Without any pictures, output the records exactly as they are.

- [RECORDED DATA]:
⁂
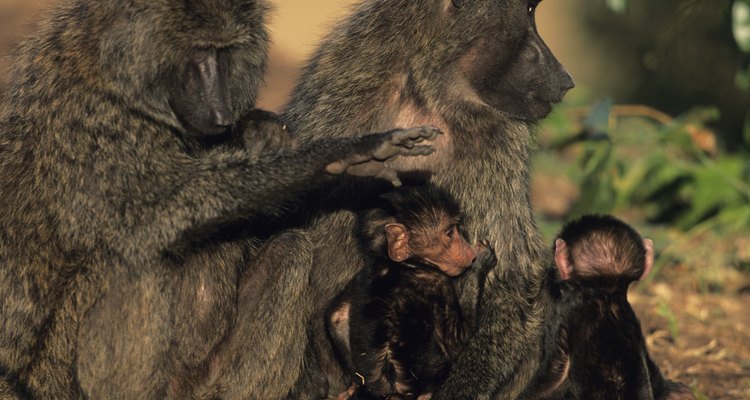 Fleas hitch rides on people and animals
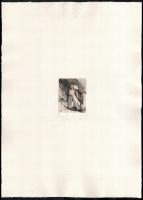 Müller Árpád (1961-2006): Orvos. Rézmetszet, merített papír, jelzett, 71/100 számozással. 7×5,5 cm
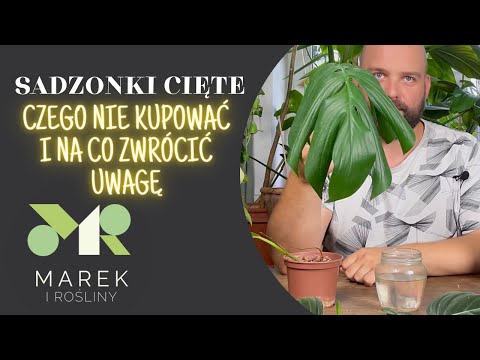 Wideo: Chiny - Użyteczne Właściwości I Zastosowanie Porcelany, Nasion Porcelany, Kwiatostanu. Łąka Rangi, Szerokolistna, Bulwiasta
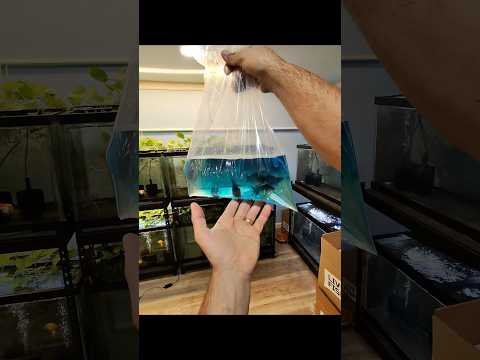 Packing goldfish to sell 
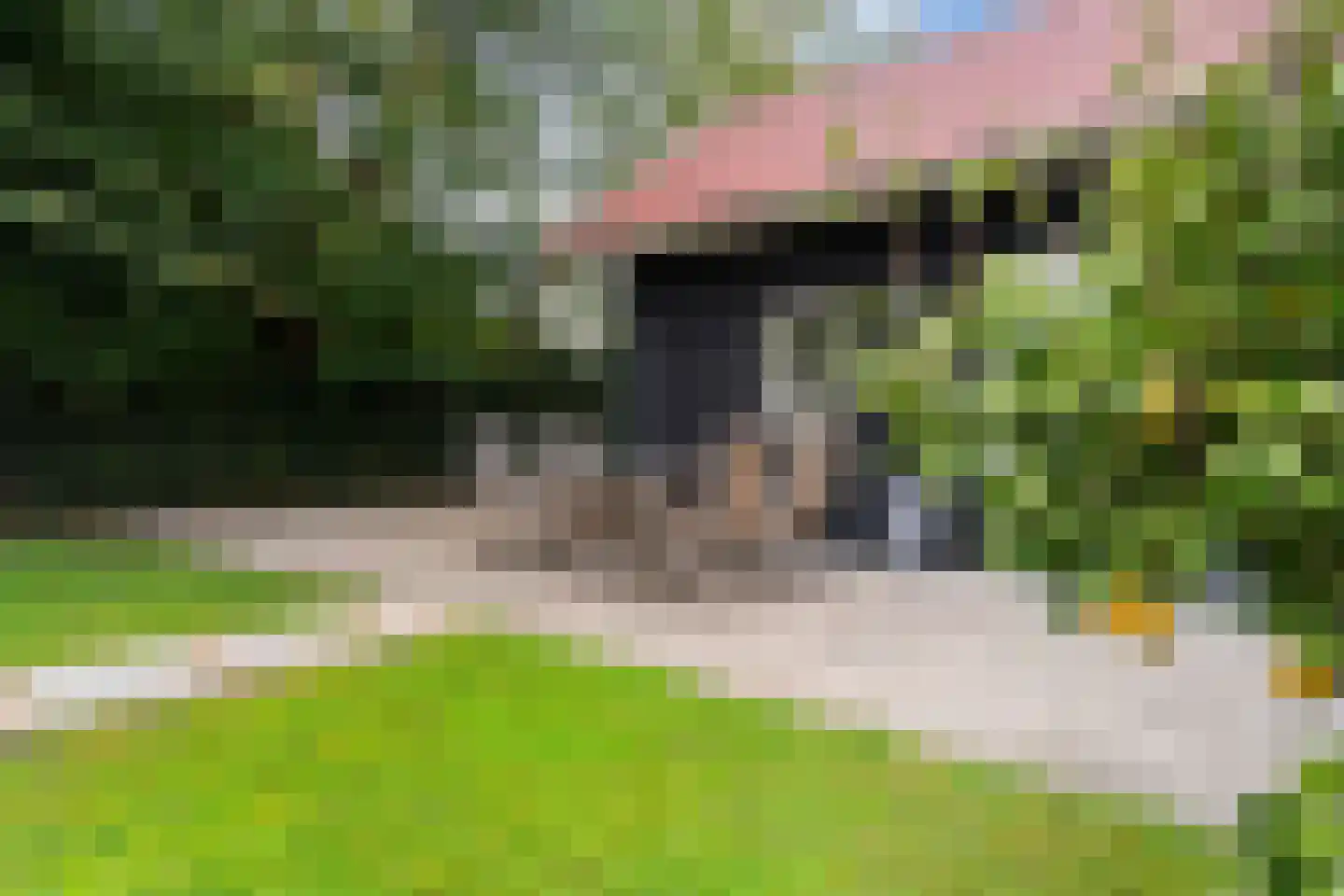 Dorpsstraat 6 Rhenoy thumbnail 62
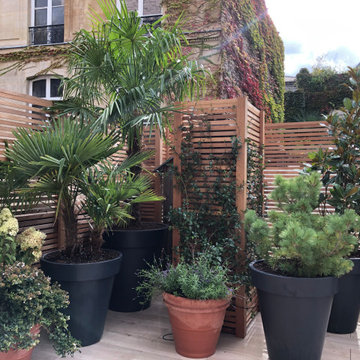 Aménagement d'une grande terrasse de 100m2 à Saint Germain des Près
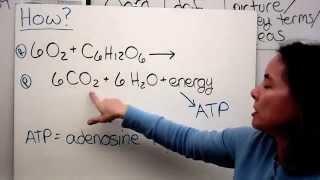 Cellular Respiration Lecture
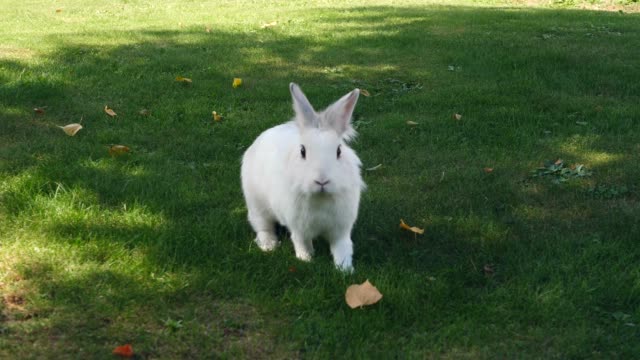 pequeño-conejo-blanco-en-la-pradera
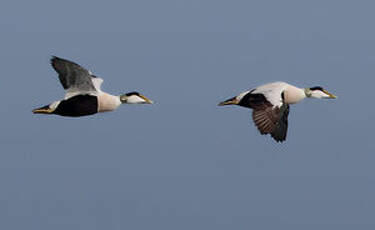 Eider à duvet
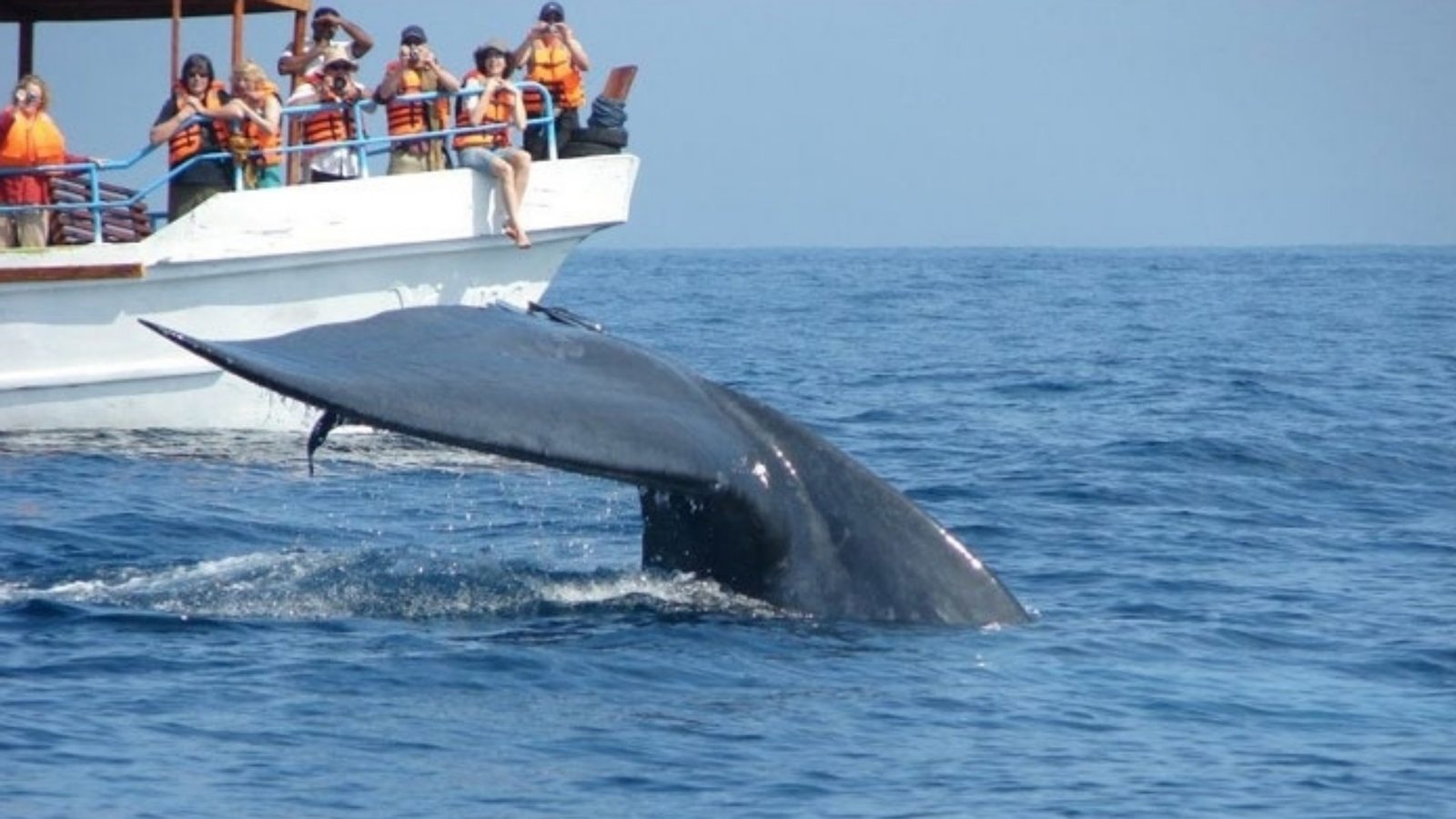 Whale and Dolphin Watching in Mirissa CLmytHN3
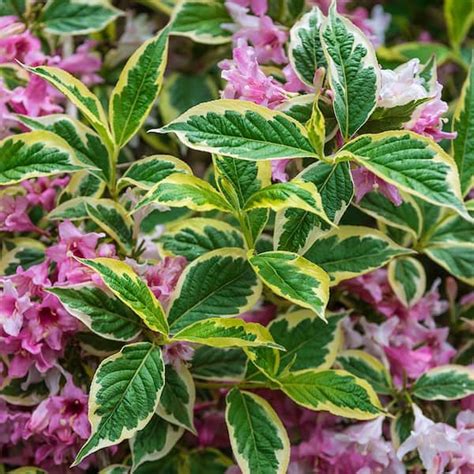 Have A Question About Spring Hill Nurseries Pink Splash Weigela Live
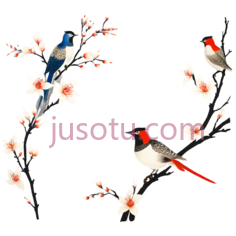 鸟,花,插画,白色,蓝色,红色,灰色PNG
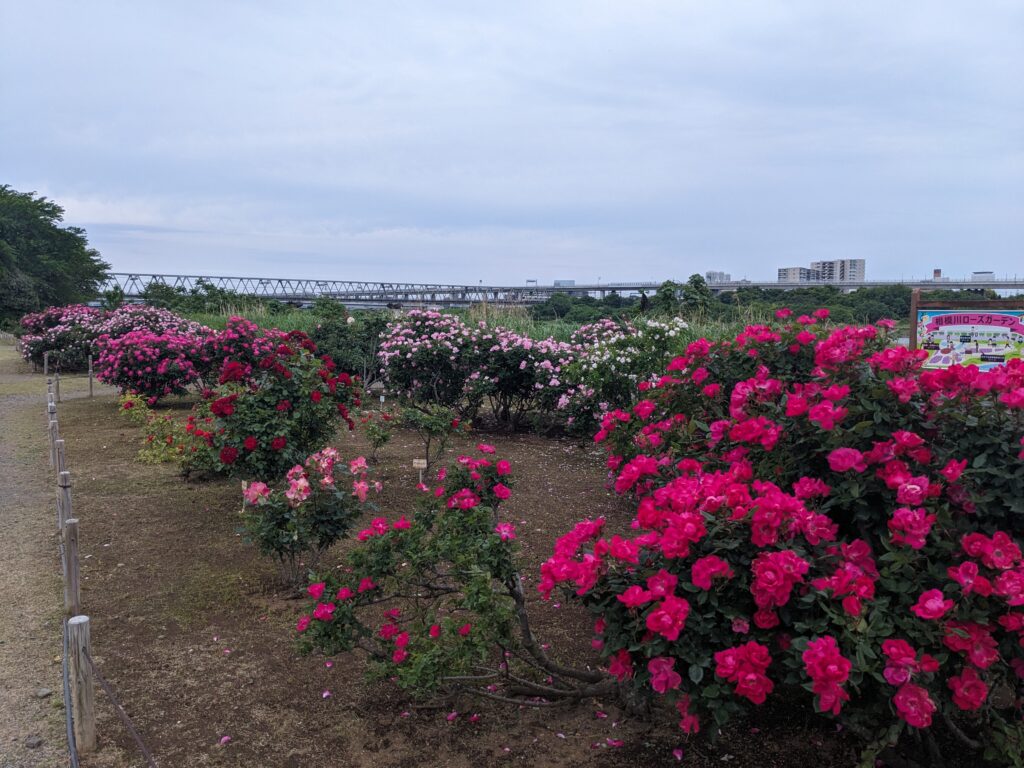 相模川ローズガーデンのバラ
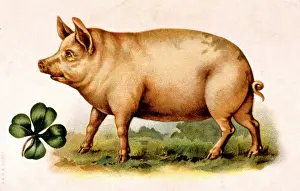 Leafed: Large pig with four-leafed clover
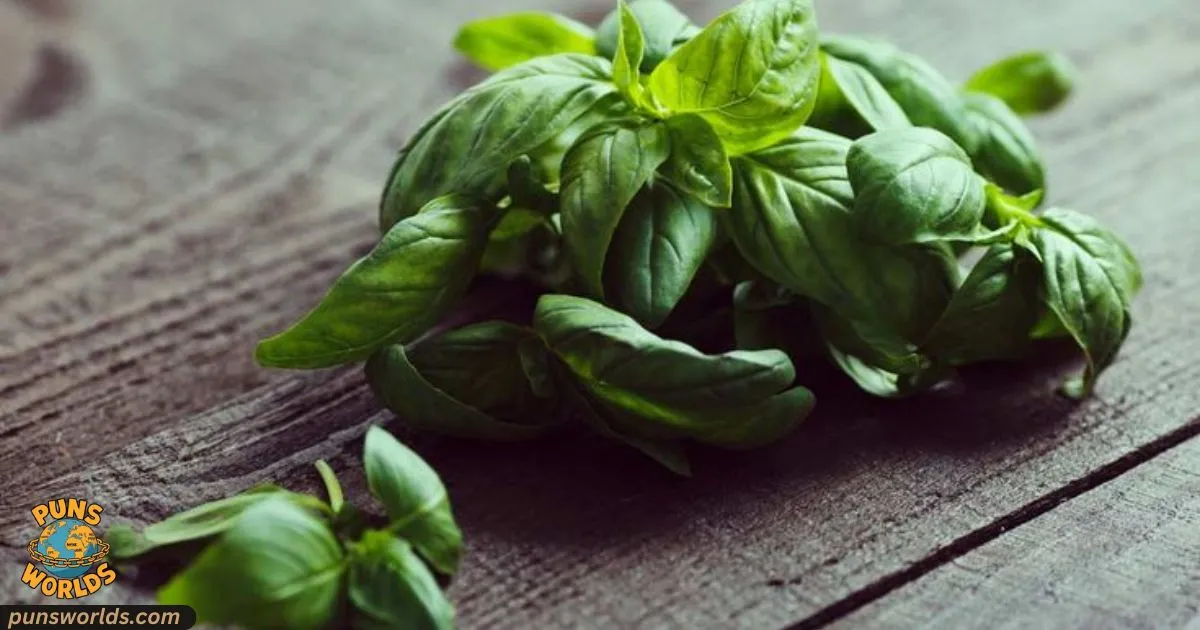 Basil Jokes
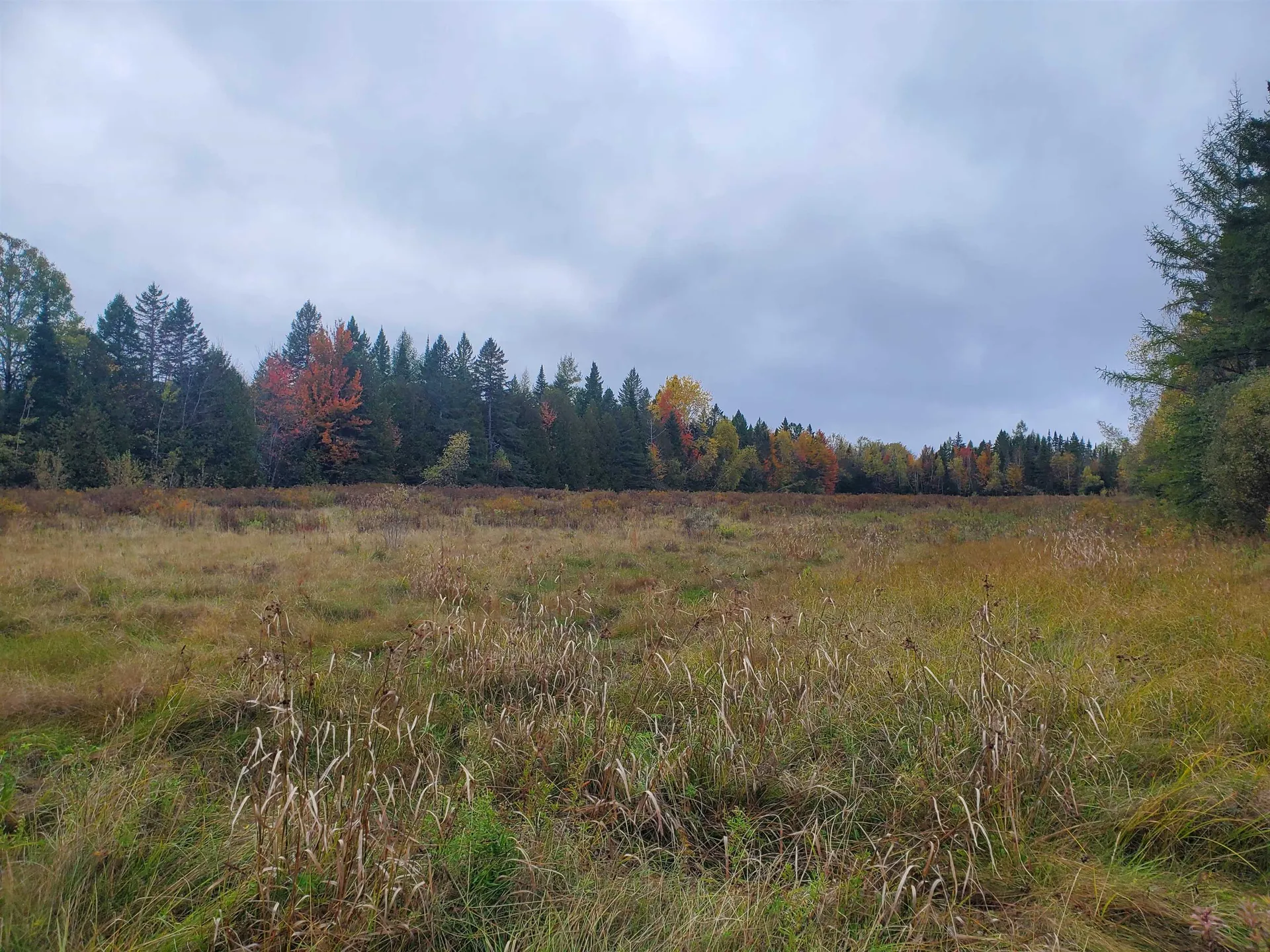 2700 Dane Hill Road Charleston VT 05872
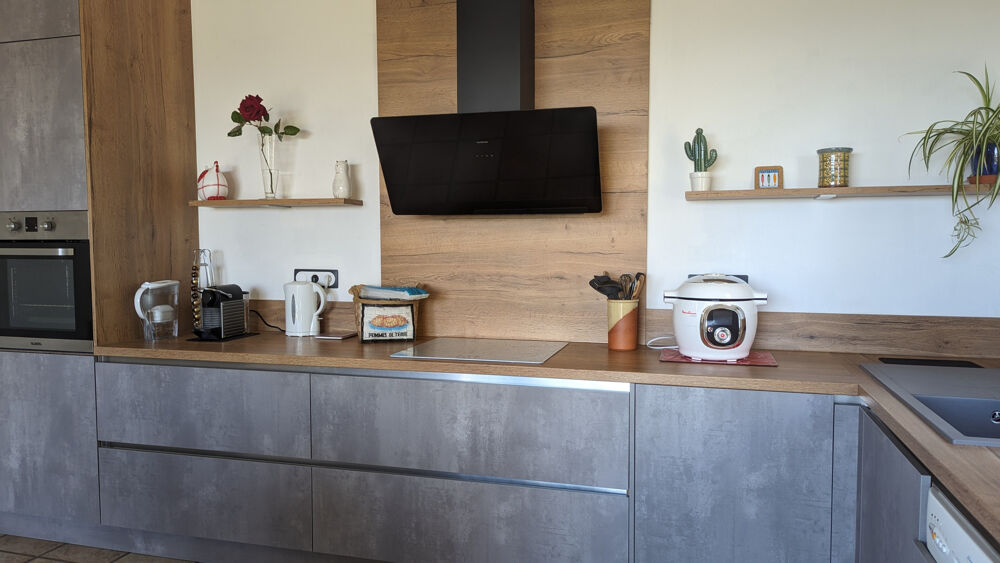  vendre  Proprit/chteau Laroque-des-Albres (66740)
⁂
- [REPLY]:
 Fleas hitch rides on people and animals
 Müller Árpád (1961-2006): Orvos. Rézmetszet, merített papír, jelzett, 71/100 számozással. 7×5,5 cm
 Wideo: Chiny - Użyteczne Właściwości I Zastosowanie Porcelany, Nasion Porcelany, Kwiatostanu. Łąka Rangi, Szerokolistna, Bulwiasta
 Packing goldfish to sell 
 Dorpsstraat 6 Rhenoy thumbnail 62
 Aménagement d'une grande terrasse de 100m2 à Saint Germain des Près
 Cellular Respiration Lecture
 pequeño-conejo-blanco-en-la-pradera
 Eider à duvet
 Whale and Dolphin Watching in Mirissa CLmytHN3
 Have A Question About Spring Hill Nurseries Pink Splash Weigela Live
 鸟,花,插画,白色,蓝色,红色,灰色PNG
 相模川ローズガーデンのバラ
 Leafed: Large pig with four-leafed clover
 Basil Jokes
 2700 Dane Hill Road Charleston VT 05872
  vendre  Proprit/chteau Laroque-des-Albres (66740)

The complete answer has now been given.